When I was 18 years old I broke up with my first girlfriend. The ensuing months were arguably the most horrifying in my life thus far. I delved deeply in a personal crisis that turned to a full-blown existential, emotional and spiritual crisis. Now, some ten years later, I see that it was my Entry Point to a path of self-development, motivated by the very real pain I was feeling at the time.
What I call an Entry Point is the door through which we come to our practice. Usually the Entry Point is one single door, for example the door of human relationships. We experience so much pain that we are forced to resolve the human conundrum of suffering in a very personal level: how is this pain possible and how can I avoid it in the future.

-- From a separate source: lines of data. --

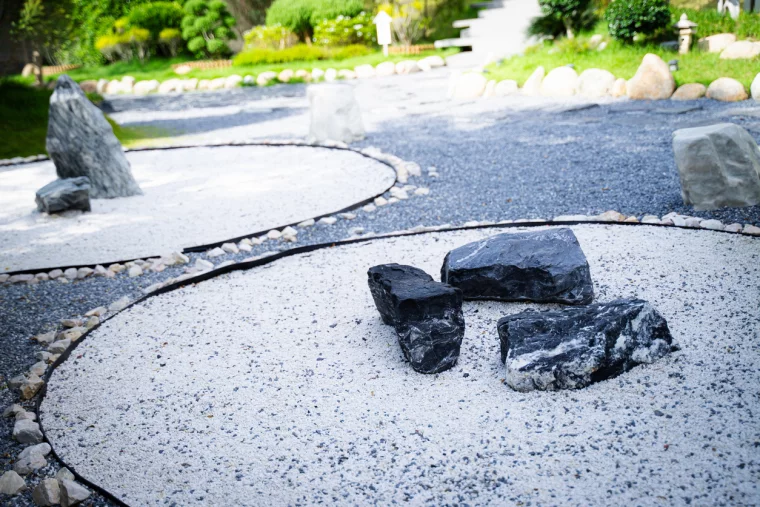 Typisch für Zen-Garten - geometrische Formen aus Stein und Kies 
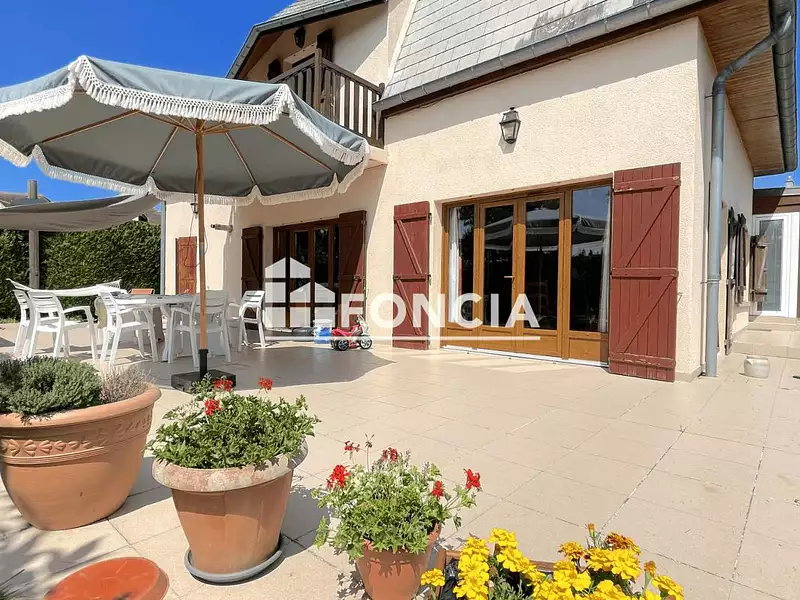 Maison, 240 m²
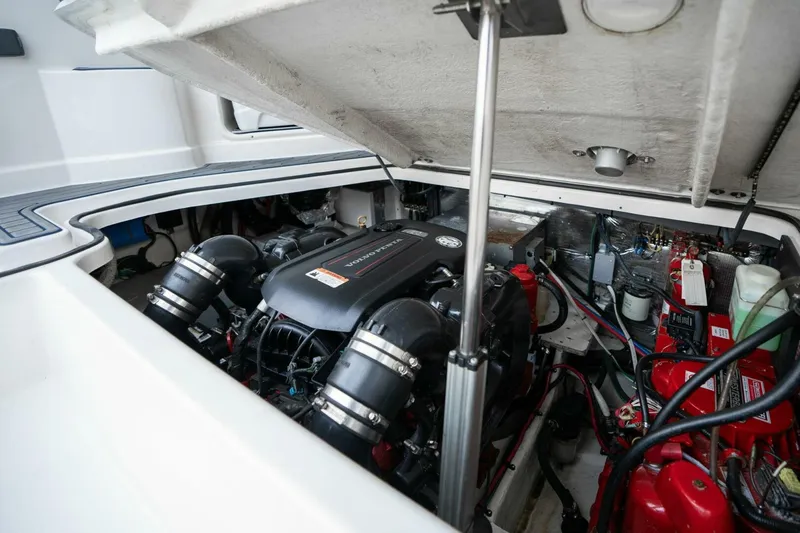 Slide: The Image of Regal 28 Express 2016 - 5119600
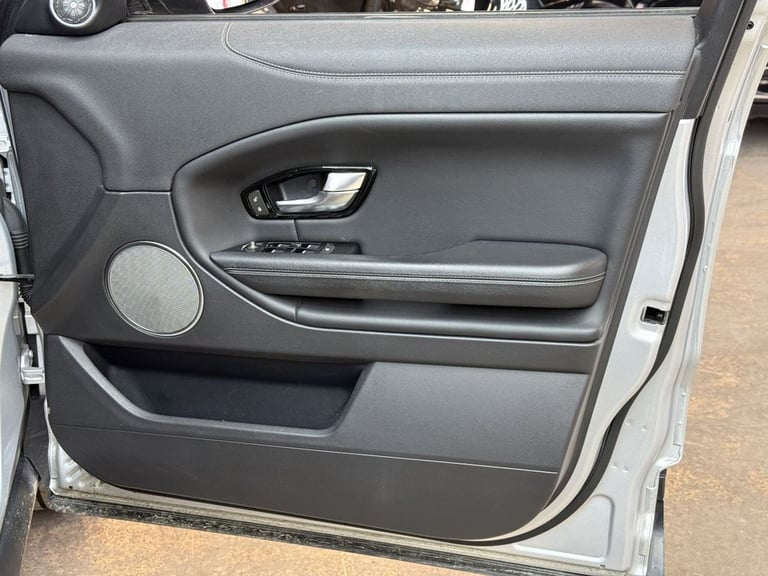 2018 Land Rover Range Rover Evoque 2.0 TD4 SE Tech SUV 5dr Diesel Auto 4WD Euro 6 (s/s) (180 ps) ...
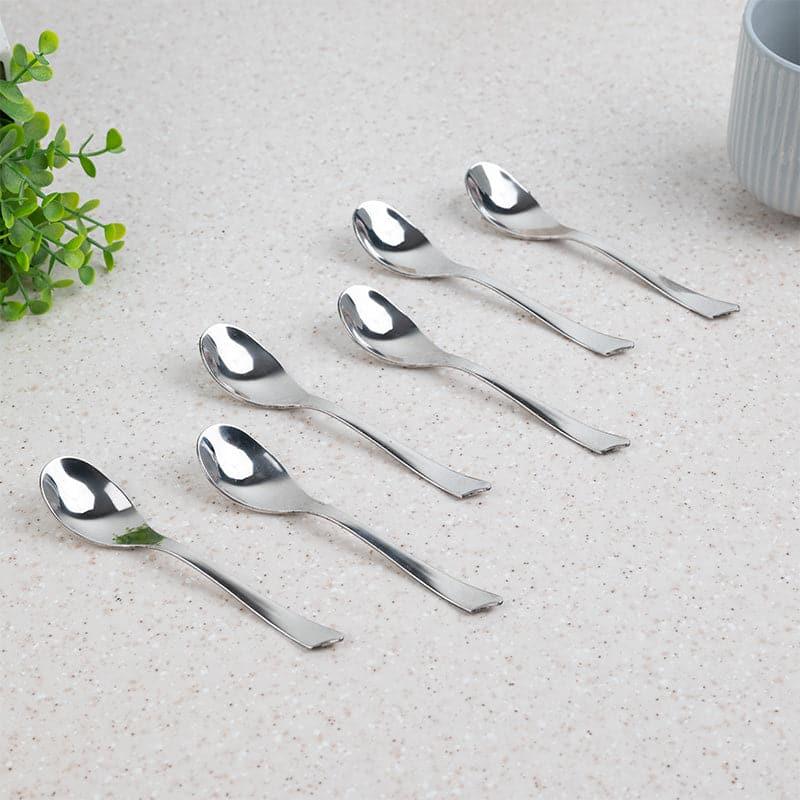 Buy Mivana Dessert Spoon - Set Of Six Cutlery Set from Vaaree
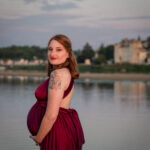 Mallory séance portrait déesse grossesse robe bordeaux angers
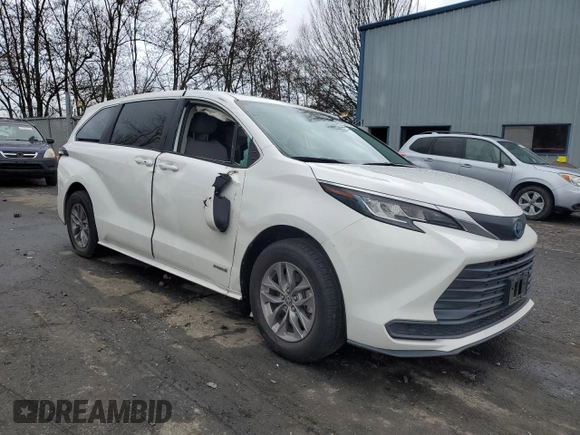 2021 Toyota Sienna LE z VIN 5TDKSKFC1MS017585, wystawiony jako Copart lot #84968164 z przebiegiem 31 279 mil mil oraz Szkoda całkowita • Salvage title. Historia ofert i sprzedaży dostępna na DreamBid. Obrazek 4.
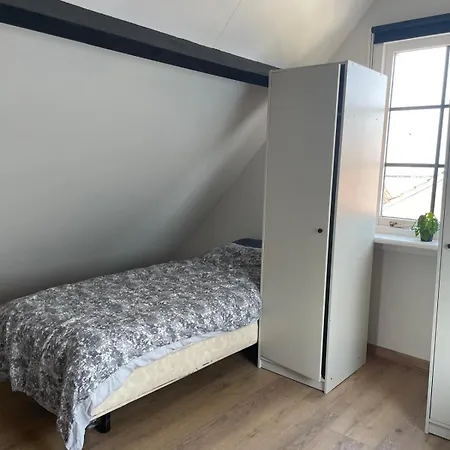 Apartment Seaside Escape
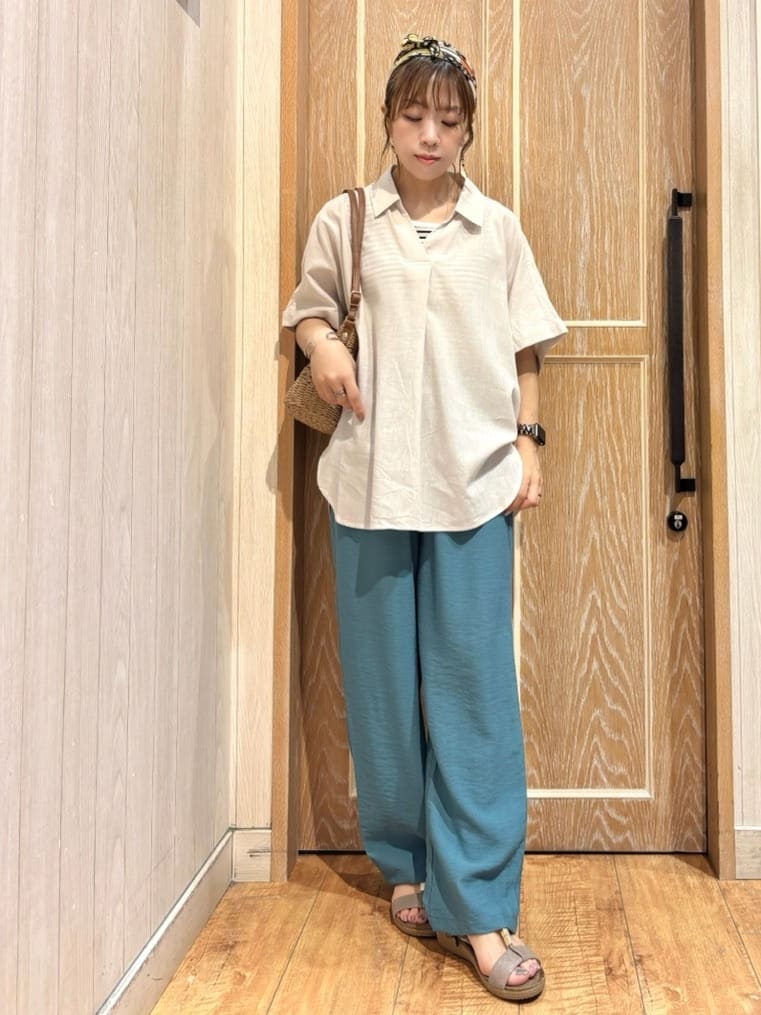 meiさんの「SHOO･LA･RUE｜【S-LL/UV/接触冷感/抗菌防臭】体型を自然にカバー フレンチリネンブレンド襟付ドルマンシャツ」を使ったコーディネート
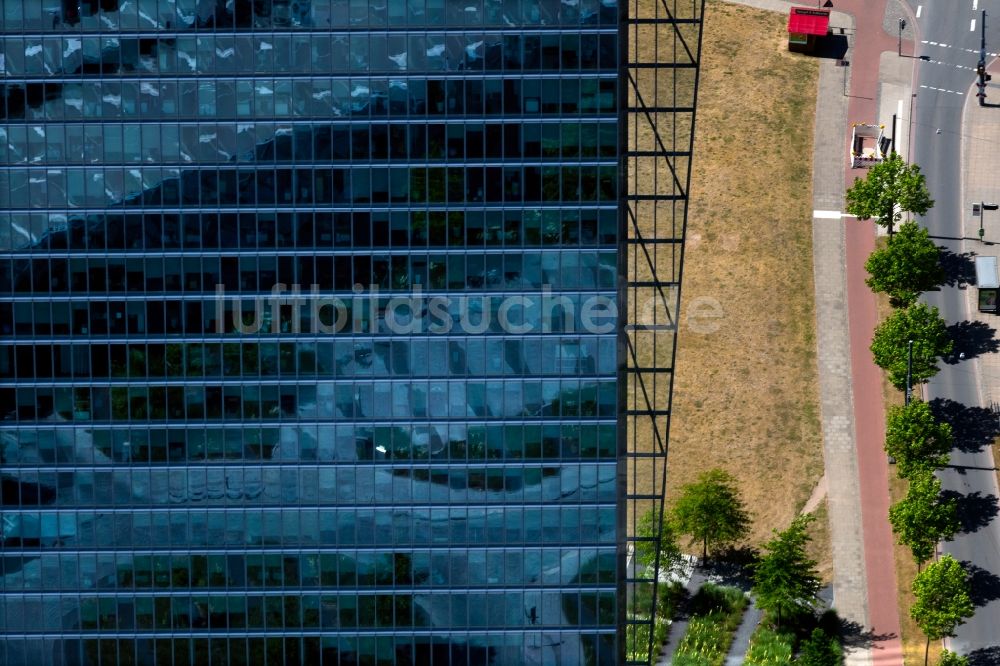 Bremen aus der Vogelperspektive: Büro- und Unternehmensverwaltungs- Hochhaus- Gebäude Weser Tower in Bremen, Deutschland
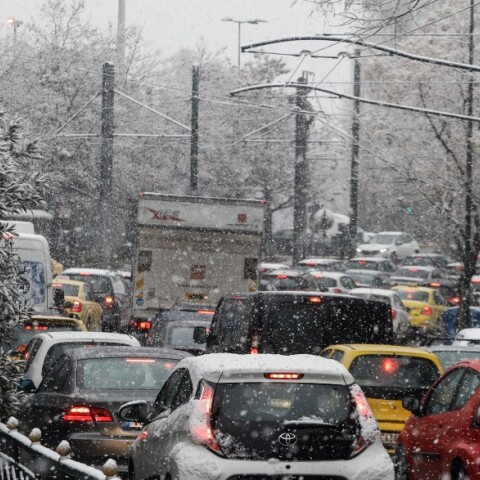 Κυκλοφοριακό χάος στους δρόμους λόγω της κακοκαιρίας Ελπίδα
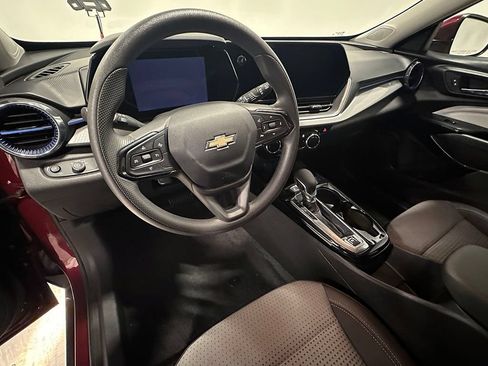 Used 2024 Chevrolet Trax LT FWD image 19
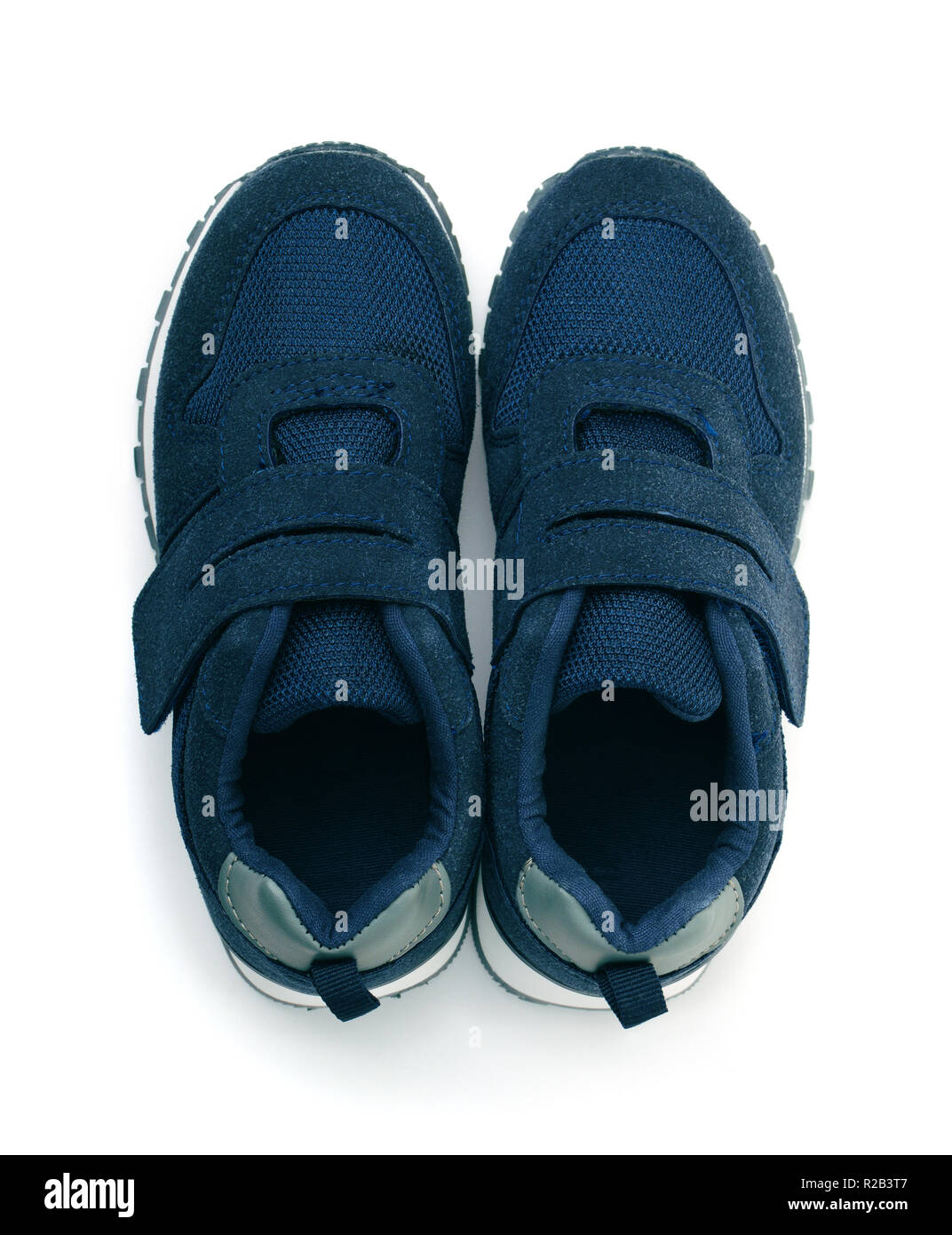 Blick von oben auf die Blue suede Sport Schuhe isoliert auf weißem Stockfoto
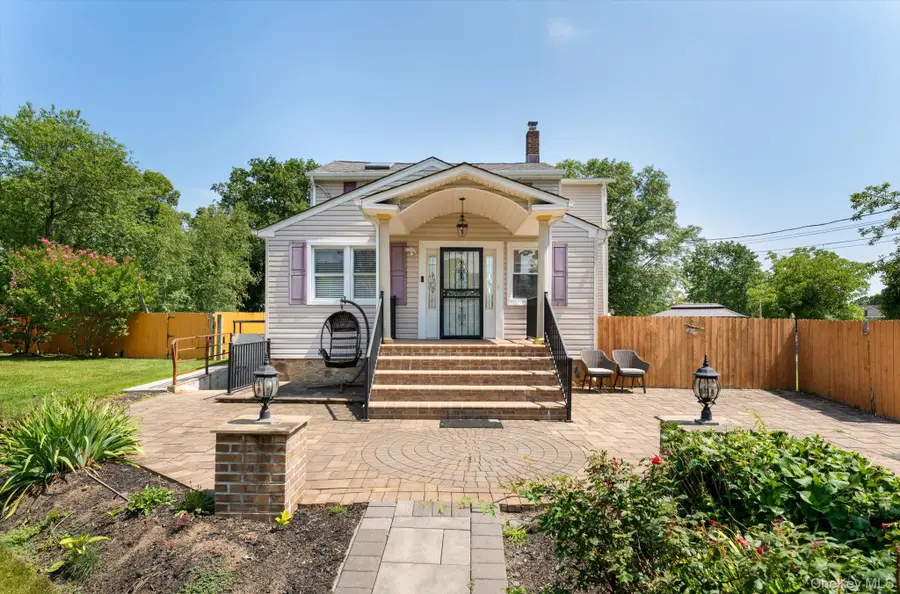 70 Massachusetts Avenue, Bay Shore, NY 11706 - #2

The Entry Point can be basically anything: problems (or revelations) with money, love, spirituality, philosophy or our physical body. Our very own and unique Entry Points are as numerous as we are.
The important this to remember is that the Entry Point is only the beginning. As we mature it soon becomes clear that as human beings all our parts are interconnected. This is the start of an ILP, Integral Life Practice. This is when we realize that no single path of practice is sufficient for us to live ever more liberated lives. By engaging in our own ILP we embrace the totality of being human in body, mind, shadow and spirit, and realize there is continuous work to be done - joyfully, mind - in all our aspects.
My Entry Point led in time to show the Entry Points of others, and how they were equally mine. If not not, later. As I am now working on my psychological shadows related to money and physical strength I see that this practice has many points of entry but no way out. It keeps on going, developing and liberating as it is evolving and that's how it should be, as Ken Wilber says, here "on the relative side of the street". On the Absolute side...well, I guess that is the Exit. To hold both in one timeless and time-bound human life is a noble thing indeed.